Tuberculosis (TB), especially drug-resistant TB, is an infectious disease seriously endangering human health. In 2019, it was estimated that there were approximately 465,000 new patients with drug-resistant TB/rifampicin-resistant TB worldwide, accounting for 44% of the total cases of TB.1 Drug-resistant TB has a complex treatment regimen, long course of treatment, and poor efficacy, which makes global TB control an enormous challenge.2

Studies have shown that the level of CD4+ in peripheral blood of patients with multiple drug-resistant tuberculosis (MDR-TB) and its production of γ-IFN are significantly lower than those of patients with non-drug-resistant tuberculosis, while the level of IL-4 produced by CD4+ is significantly higher.3,4 With the aggravation of pulmonary tuberculosis, CD4+ in peripheral blood decreased, CD8+ increased and CD4+/CD8+ decreased. It is also reported that the cytotoxicity of CD8+ in patients with MDR-TB is significantly increased, the Th1 type cellular immune response is weakened, while the activity of regulatory T cells is enhanced, and the cellular immune response is shifted to Th2 type.5 Similarly, studies have shown that the wider the void scope of tuberculosis patients, the lower the peripheral blood CD4+ and CD4+/CD8+, and the higher the CD8+. This indicates that with the enhancement of CD8+ and its cytotoxic activity, tissue damage is further aggravated, and the scope of lung cavity is gradually increased.6

MDR-TB patients have certain immune characteristics. However, the cellular immune mechanism of TB, especially drug-resistant TB, is perplexing. In view of the current literature reports, it is indicated that the severity of drug-resistant tuberculosis is closely related to the level of immune cells in patients. Giving these patients immune intervention is expected to improve the curative effect of patients. In recent years, the immunotherapy of drug-resistant pulmonary TB (PTB) has attracted much attention. Effective immunotherapy can kill intracellular bacteria and persistent bacteria by stimulating the immune cells [T cells, natural killer cells (NK)] in the body.7 Literature has reported that many immune agents have achieved good efficacy in the treatment of drug-resistant tuberculosis.8 Thymopentin, as an immunomodulator, is a synthetic 5-peptide fragment.
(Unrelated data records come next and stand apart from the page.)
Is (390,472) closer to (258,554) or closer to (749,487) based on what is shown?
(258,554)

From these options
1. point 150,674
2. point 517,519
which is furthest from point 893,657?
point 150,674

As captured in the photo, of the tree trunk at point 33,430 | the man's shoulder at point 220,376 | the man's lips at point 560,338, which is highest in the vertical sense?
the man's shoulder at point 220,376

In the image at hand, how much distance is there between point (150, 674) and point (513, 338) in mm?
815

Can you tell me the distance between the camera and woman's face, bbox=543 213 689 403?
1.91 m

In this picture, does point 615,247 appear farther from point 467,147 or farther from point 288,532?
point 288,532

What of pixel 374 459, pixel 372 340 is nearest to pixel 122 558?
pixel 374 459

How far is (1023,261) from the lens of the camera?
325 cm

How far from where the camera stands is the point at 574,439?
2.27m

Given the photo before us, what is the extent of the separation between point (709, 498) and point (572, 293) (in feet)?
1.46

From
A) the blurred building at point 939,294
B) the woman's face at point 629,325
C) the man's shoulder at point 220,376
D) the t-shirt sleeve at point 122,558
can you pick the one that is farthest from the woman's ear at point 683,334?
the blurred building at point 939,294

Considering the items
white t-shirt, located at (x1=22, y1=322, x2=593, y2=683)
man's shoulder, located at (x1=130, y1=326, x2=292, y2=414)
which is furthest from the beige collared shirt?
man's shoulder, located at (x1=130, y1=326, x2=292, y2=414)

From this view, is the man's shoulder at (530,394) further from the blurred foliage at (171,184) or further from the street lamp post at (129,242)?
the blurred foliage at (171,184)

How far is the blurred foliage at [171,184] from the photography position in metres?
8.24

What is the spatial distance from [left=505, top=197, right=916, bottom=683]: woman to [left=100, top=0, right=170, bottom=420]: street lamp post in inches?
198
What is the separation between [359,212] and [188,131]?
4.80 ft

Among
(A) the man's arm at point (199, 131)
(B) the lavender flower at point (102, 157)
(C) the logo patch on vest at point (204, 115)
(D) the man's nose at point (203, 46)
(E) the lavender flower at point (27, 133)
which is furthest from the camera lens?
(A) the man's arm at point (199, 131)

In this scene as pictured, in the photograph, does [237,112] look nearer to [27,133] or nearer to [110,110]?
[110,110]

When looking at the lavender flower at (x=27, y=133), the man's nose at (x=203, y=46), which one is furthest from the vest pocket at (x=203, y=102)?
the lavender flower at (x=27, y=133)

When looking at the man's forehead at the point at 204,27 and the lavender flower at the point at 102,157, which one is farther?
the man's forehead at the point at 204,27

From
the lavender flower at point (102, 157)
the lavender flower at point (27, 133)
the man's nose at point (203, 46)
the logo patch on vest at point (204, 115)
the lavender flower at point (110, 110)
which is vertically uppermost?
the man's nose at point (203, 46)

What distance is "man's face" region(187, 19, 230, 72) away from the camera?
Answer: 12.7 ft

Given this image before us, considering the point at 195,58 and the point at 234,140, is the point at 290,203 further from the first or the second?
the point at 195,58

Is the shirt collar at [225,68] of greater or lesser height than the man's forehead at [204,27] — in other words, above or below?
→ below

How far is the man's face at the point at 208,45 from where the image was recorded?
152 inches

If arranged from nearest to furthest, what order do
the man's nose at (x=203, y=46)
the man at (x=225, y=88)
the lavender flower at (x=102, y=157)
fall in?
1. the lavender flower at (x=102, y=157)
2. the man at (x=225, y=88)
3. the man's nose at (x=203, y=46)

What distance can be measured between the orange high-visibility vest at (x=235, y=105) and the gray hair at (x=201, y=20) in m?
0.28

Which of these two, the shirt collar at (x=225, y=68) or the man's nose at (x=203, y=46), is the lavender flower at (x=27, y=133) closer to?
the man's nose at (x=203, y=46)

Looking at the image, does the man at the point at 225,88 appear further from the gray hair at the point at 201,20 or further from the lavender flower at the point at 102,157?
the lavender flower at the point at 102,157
The fragment is a peptide chain fragment composed of five amino acids of thymic hormone isolate, which has all the functions of thymopoietin II.9 After entering the body, it can enhance the production of thymic T lymphocytes, promote the differentiation and maturation of T lymphocytes, improve the production level of a variety of lymphokines and interferon, and regulate and enhance the cellular immune function of the body.10 In China, thymopentin has been used by clinicians in the treatment of TB, especially in drug-resistant TB, but there is no further medical evidence for its application. Therefore, this study systematically reviewed the relevant literature on thymopentin in treating drug-resistant PTB to provide evidence for clinical treatment.

Information and Methods

1. Relevant studies were retrieved from PubMed, Embase, Cochrane Library, Chinese Biomedical Literature Database, CNKI, and Wanfang database. The English retrieval words included the following: “thymopentin,” “TB,” “drug-resistant,” “mono-drug-resistant,” “poly-drug-resistant,” “multidrug-resistant,” “pre-extensively drug-resistant,” “extensively-drug-resistant,” “rifampicin-resistant,” “MDR-TB,” “XDR-TB,” or “RR-TB.” The Chinese retrieval words include 胸腺五肽,” “结核,” “耐药,” “单耐药,” “多耐药,” “耐多药,” “准广泛耐药,” “广泛耐药,” or “利福平耐药”. The relevant diagnostic criteria for drug-resistant tuberculosis cited in the literature are consistent with the global tuberculosis report 2020.1 The retrieval range of time is from the building of the databases to June 2021. In addition, the references of all the included literature were retrieved to find more qualified studies. All documents were managed by Endnote software. Following the blind principle, two researchers independently screened the literature to evaluate the eligibility of the studies. Data were extracted using standard data extraction tables, and cross-checks were performed to minimize the bias and randomization error in data analysis.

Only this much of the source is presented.